_EXERCISE:_
Lines below containing the word "Appartamento" should be copied out.
·····
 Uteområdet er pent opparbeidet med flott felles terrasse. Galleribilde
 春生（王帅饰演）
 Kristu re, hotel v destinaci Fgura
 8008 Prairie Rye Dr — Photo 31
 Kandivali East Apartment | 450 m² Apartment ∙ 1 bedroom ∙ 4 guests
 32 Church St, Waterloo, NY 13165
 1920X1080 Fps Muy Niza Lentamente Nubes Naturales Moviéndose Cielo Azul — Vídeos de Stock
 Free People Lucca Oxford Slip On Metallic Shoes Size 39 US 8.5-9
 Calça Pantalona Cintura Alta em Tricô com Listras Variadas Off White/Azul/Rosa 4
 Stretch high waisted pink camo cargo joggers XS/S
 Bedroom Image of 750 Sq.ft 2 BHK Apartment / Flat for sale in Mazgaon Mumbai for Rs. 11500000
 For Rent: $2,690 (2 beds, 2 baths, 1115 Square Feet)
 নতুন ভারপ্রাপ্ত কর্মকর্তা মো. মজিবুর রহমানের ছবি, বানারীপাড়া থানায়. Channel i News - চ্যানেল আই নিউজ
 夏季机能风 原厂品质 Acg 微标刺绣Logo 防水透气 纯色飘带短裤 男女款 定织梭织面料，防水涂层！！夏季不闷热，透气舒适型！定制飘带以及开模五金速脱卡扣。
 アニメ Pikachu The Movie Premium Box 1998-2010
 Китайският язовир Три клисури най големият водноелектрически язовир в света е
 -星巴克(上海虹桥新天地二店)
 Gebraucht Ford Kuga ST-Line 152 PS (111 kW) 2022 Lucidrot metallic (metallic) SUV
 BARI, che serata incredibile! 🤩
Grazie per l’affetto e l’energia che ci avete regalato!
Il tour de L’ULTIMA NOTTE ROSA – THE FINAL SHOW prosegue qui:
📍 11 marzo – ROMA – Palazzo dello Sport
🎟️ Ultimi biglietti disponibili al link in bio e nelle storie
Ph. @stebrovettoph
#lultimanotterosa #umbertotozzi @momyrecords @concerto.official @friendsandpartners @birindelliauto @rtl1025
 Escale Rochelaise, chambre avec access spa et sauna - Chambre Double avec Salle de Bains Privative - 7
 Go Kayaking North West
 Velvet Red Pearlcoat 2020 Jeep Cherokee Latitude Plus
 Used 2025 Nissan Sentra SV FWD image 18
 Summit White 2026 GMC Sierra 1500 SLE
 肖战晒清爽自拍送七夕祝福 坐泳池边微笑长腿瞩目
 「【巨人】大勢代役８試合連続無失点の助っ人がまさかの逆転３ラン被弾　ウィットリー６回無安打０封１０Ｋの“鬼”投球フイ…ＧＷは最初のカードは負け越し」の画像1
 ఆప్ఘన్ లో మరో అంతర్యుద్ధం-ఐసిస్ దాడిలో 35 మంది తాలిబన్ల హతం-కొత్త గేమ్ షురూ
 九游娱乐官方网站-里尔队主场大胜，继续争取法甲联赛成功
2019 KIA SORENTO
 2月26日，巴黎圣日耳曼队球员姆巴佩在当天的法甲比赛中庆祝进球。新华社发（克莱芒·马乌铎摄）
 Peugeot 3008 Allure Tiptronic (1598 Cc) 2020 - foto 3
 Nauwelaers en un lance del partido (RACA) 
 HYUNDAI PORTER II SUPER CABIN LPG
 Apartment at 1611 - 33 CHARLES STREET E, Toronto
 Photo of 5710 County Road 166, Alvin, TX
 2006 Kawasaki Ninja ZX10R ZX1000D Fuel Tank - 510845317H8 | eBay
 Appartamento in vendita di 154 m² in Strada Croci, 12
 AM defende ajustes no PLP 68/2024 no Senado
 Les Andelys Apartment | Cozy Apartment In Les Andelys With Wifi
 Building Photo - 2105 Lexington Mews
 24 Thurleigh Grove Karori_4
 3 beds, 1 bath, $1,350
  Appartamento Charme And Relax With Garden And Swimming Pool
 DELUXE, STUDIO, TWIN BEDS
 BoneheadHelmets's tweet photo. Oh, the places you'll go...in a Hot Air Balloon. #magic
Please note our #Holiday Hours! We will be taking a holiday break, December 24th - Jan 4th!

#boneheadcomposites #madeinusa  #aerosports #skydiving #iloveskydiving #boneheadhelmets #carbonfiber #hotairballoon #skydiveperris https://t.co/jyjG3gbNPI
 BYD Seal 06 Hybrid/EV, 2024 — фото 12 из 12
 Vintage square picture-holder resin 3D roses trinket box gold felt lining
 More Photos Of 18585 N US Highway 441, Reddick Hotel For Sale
·····
_PROBLEM SOLUTION:_
 Appartamento in vendita di 154 m² in Strada Croci, 12
  Appartamento Charme And Relax With Garden And Swimming Pool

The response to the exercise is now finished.